The benefit of pooling are:

Reduce the dimensionality of the neural network

Maintain rotational/position invariance, i.e. the image can be detected if its position is changed or it is rotated.
Attention Networks
Companies: Amazon, Microsoft
Difficulty: Hard
Frequency: Medium
Question
Can you explain attention networks? What is selfattention?
Answer
In neural networks, inputs pass through a hidden layer and then an activation function is applied to return the output of this layer. For deep networks, this output now becomes the input in the next hidden layer. This linear flow is how many vanilla neural network architectures work. However, for attention models, if attention is used at a layer then this layer looks at previous layers to possibly use their activations. Selfattention looks at the inputs from the same layer rather than previous layers.
To better understand this difference, you can think of translating a sentence, you can apply selfattention to better understand the lexical patterns between words in a single language's sentence. If you use attention, then it will try to model the patterns between the two different sentences. As a result, attention networks tend to be used in encoderdecoder models while selfattention is useful in transformer architectures.
BERT
Companies: Amzon
Difficulty: Hard
Frequency: Low
Question
Can you explain the basis of BERT?
Answer
BERT is an architecture that is made up of multiple stacked encoders. In order to train this model, the data is processed by combing three embeddings: position, segment and token/word. The input is created by summing these three embeddings.
BERT is then pretrained on two unsupervised tasks, this means that we can use a lot of data since it does not have to be labelled:

Masked Language Modeling: the model is trained in a bidirectional matter, i.e., the model captures patterns from the sentence using the right context of a masked word (we want to predict this masked word) and the left context of the masked word.
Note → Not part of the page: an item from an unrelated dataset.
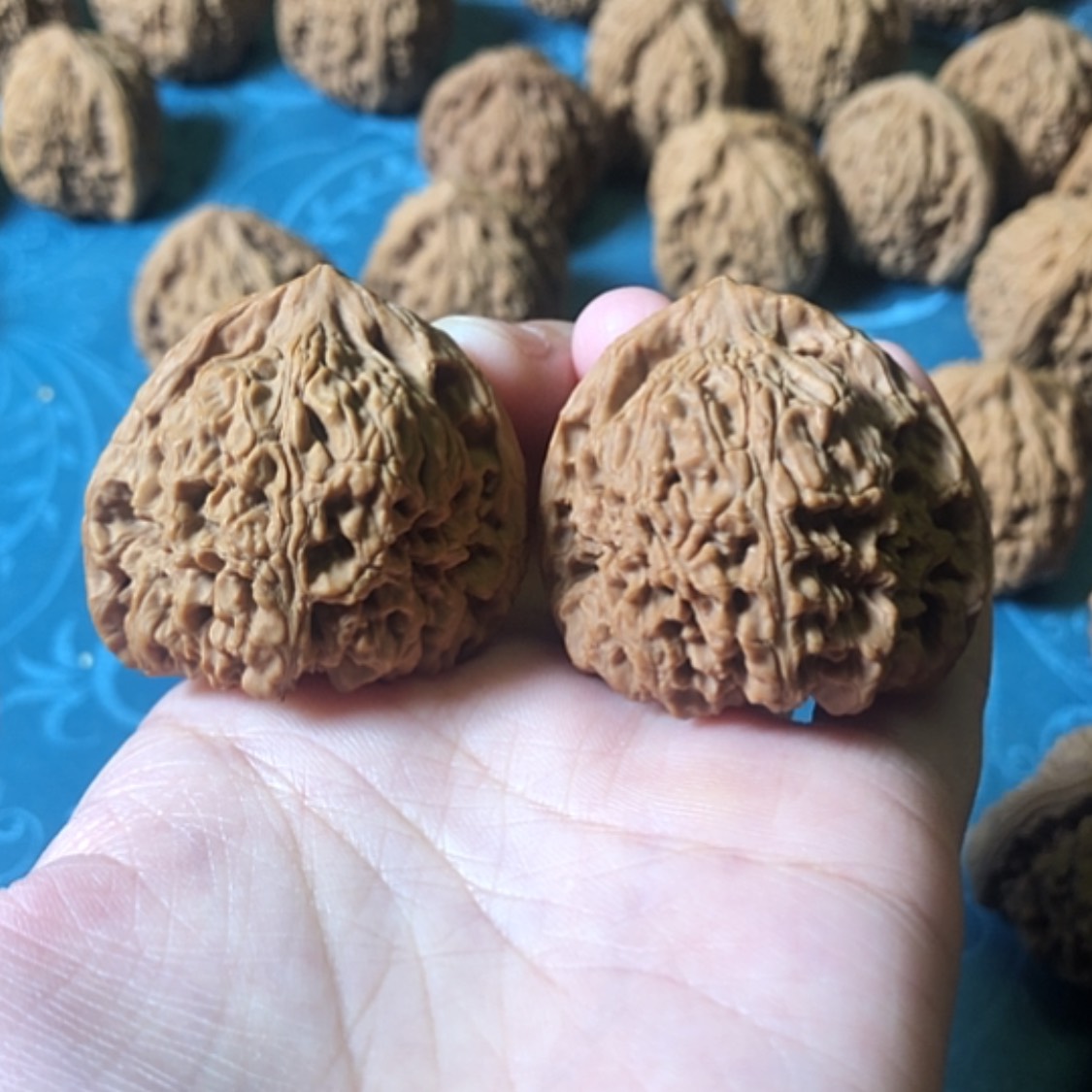 【闪购商品】文玩核桃把件一代将
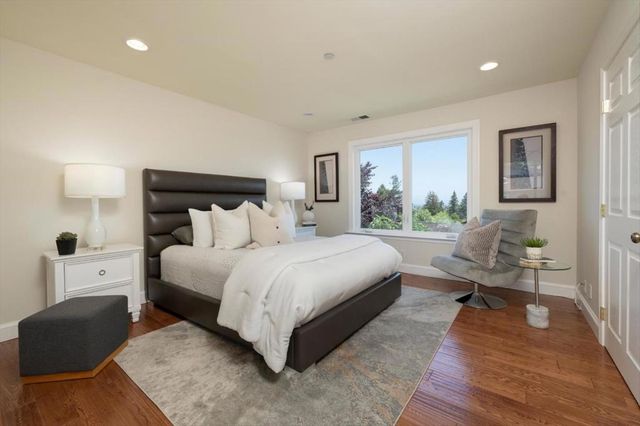 714 Barneson Avenue, San Mateo, CA 94402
Next Sentence Prediction: we train the model to be able to determine when given two sentences, A and B, is B the actual next sentence.
Loss Functions
Companies: Amazon
Difficulty: Easy
Frequency: Medium
Question
What is a loss function? What is a cost function?
Answer
A loss function is calculated for a single training example. A cost function, on the other hand, is the average loss over the entire training dataset. Some examples of loss functions are Mean Square Error, Mean Absolute Error, Hinge Loss, CrossEntropy Loss.